When this little gal was born all her elders played that familiar guessing game of who she took after. Many of us agreed that she looked very much like her paternal grandfather who is a handsome, sometimes funny, and usually simple and conservative man. But I am of the opinion that looks don't count for everything and children frequently become a blend of their elders good and bad characteristics. Therefore, I sometimes look for something of myself in her eager personality and activities.

My daughter took the photos below while I was playing a game with my grandson. As you can see, the gardener in me seems to have inspired the gardener in her. I am hoping this is a sign of the future where we can plant and cut flowers, grow and taste the freshest of vegetables, and perhaps, create little garden rooms of imagination and fantasy.




Thursday, October 09, 2008

Fall Projects


We had saved up a sum of money to put in a patio under our deck this fall and we now realize that was better than leaving it in the market! For the past week or so we have been doing our little bit for the economy by employing almost 4 men full time to clear grass, put in drains, set paver stone, aerate the lawn and seed the destroyed areas. It was supposed to take a little less than 4 days, but I think that with economy slowing down the landscape firm was in no rush to have staff return to the store and sit waiting for another assignment and so the crew was actually here for 7 days which did not increase the cost of the contract.
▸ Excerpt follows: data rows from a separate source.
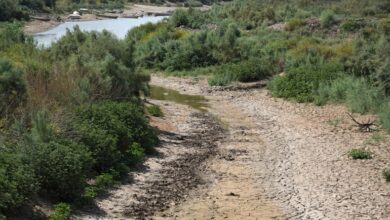 صورة وزارتا الزراعة والموارد المائية في العراق تقلصان المساحة المقررة للزراعة في الموسم الشتوي الحالي إلى 50% بسبب قلة الإيرادات المائية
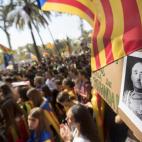 5c8aab213b000070066c5888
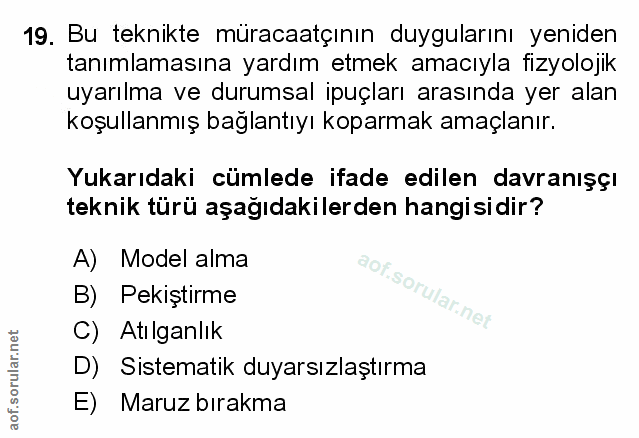 Soru 19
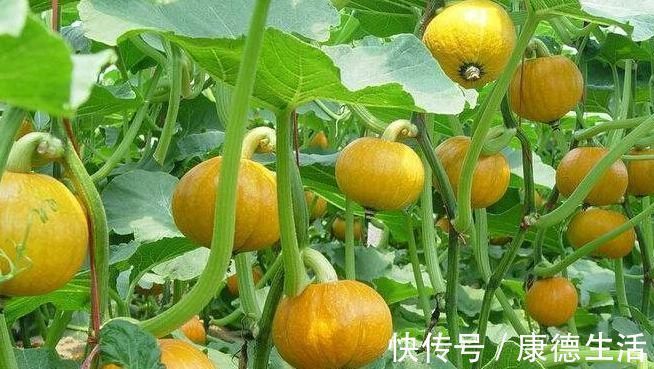 南瓜营养丰富价值高,以下两种人最好不要吃,赶紧来了解一下
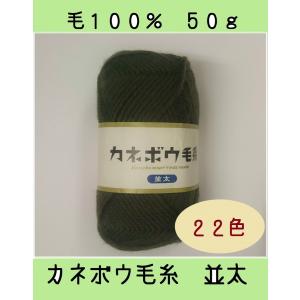 カネボウ毛糸（ベルクリヤーン）　並太　５０ｇ 毛100%　２２色｜matsumoto-syugeiten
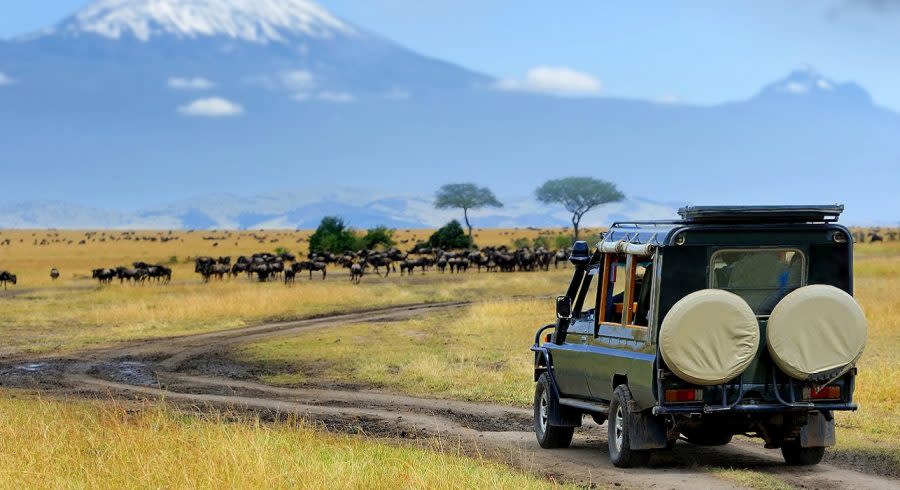 Safari Fahrtin Tansania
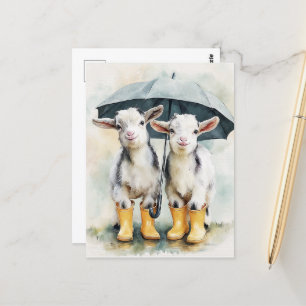 Carte Postale Deux chèvres tachetées pendant un jour pluvieux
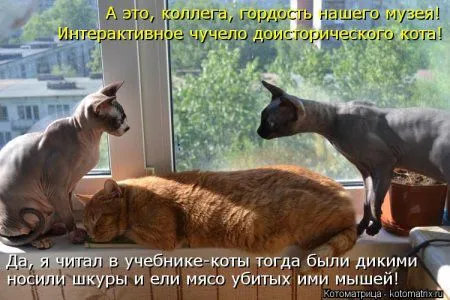 И снова котоматрицы И снова котоматрицы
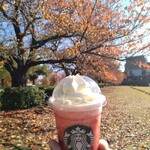 Starbucks Coffee Toyama Kansui Koen Ten - 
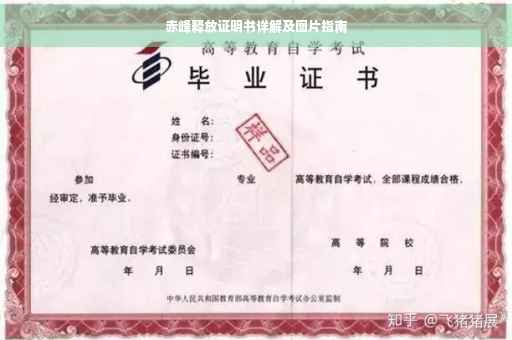赤峰释放证明书详解及图片指南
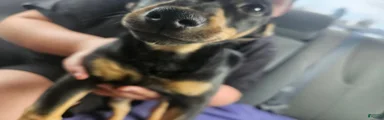 Mixed Breed 1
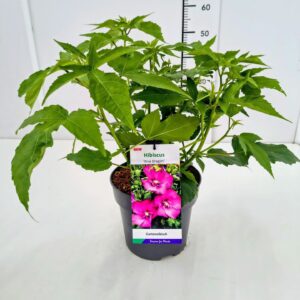 Hibiscus Hibiscus mosch. 'Pink Dragon' 40-50C5
(1 Plants/Order)(23cmP 60cmH)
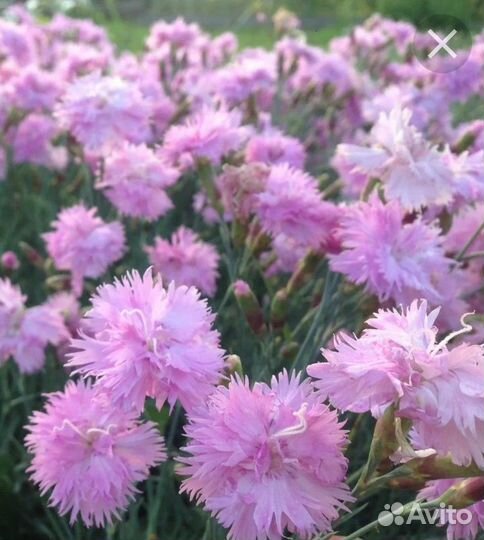 Многолетники для сада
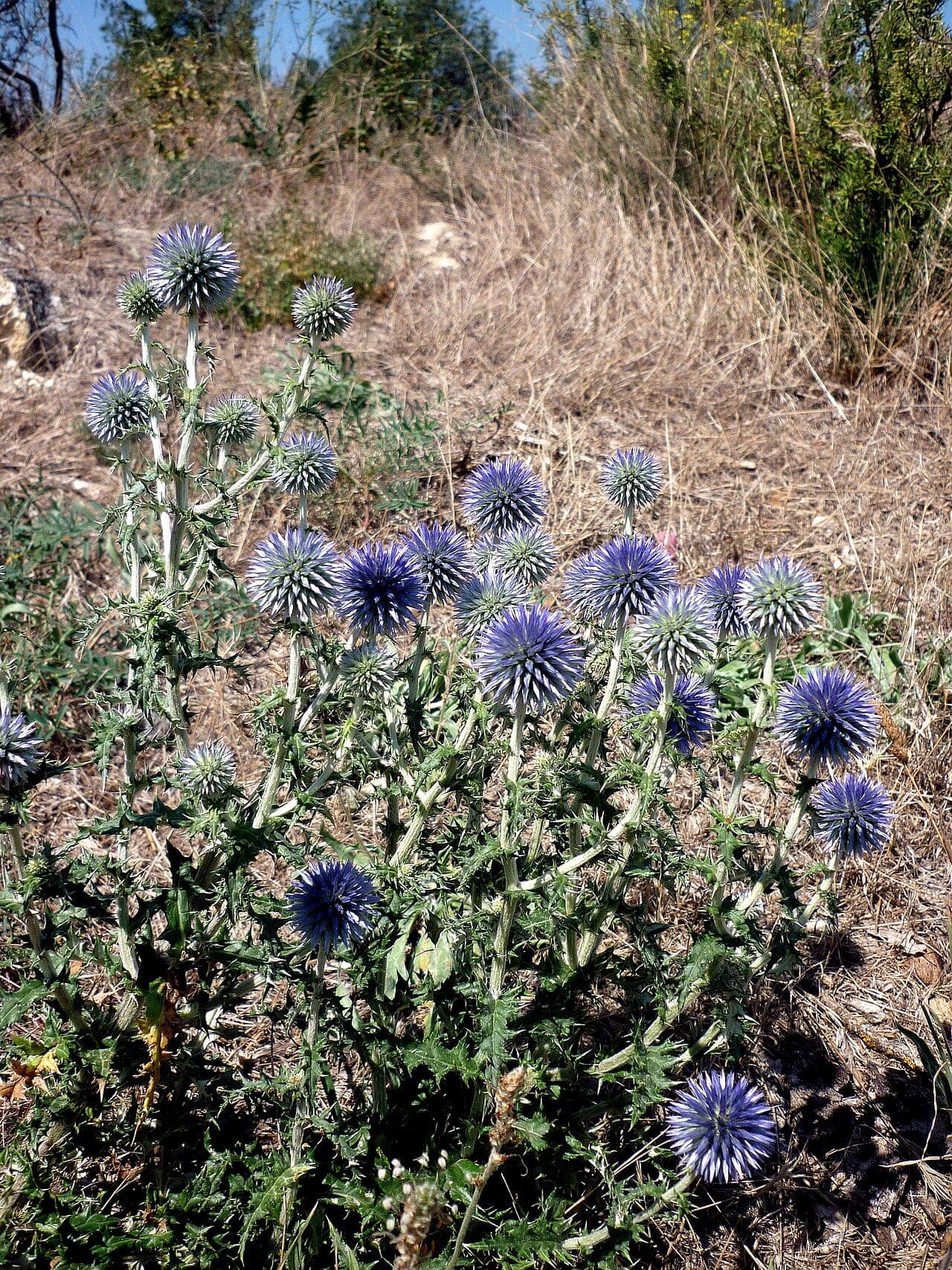 Bolltistel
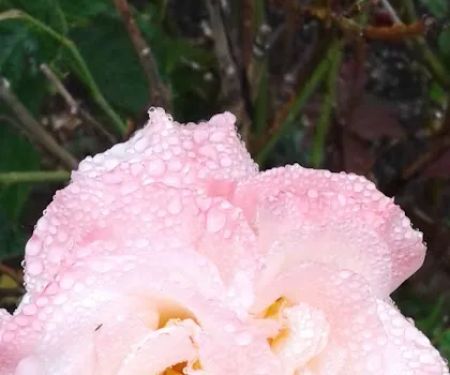 Greenway Manufactured Housing Community 55+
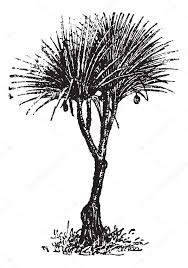 Image result for Pandanus candelabrum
During that time my husband and I began clearing the garden and moving ALL of the soil (he did most of the work as I have been fighting some illness) and now we will level the whole area and put in a series of raised container beds. We spent the last of the wad of money on cedar boards--the worst grade they had which is stunningly beautiful even so---for the walls of the beds. Hopefully with landscape cloth and mulch on the paths between the beds, we will get some control over the weeds next year.

They had to tear up the lawn with the little bulldozer, but also aerated and reseeded the areas and now we wait for the lawn to come up once again. We also had them take down some dead trees on the edge of the lawn in the front yard, and now, guess what? I get to put in ANOTHER flower bed. (I still haven't gotten the deer fence up but I tend to be more optimistic than realistic!) The far side of this bed will be for cut flowers. I love cutting flowers and bringing them inside the house to enjoy as I do my chores.

The new patio provides a rather large sitting area beneath the deck that will be handy during the hottest part of summer and also nice for fall when we want to sit around a small fire pit. Right now a fine layer of dust and dirt is everywhere --- on the window sills, the deck chairs, the potted plants and the brick. Thus the project today, if the weather stays warm enough, is to wash all of the outside before the grandchildren show up on the weekend. S'mores anyone?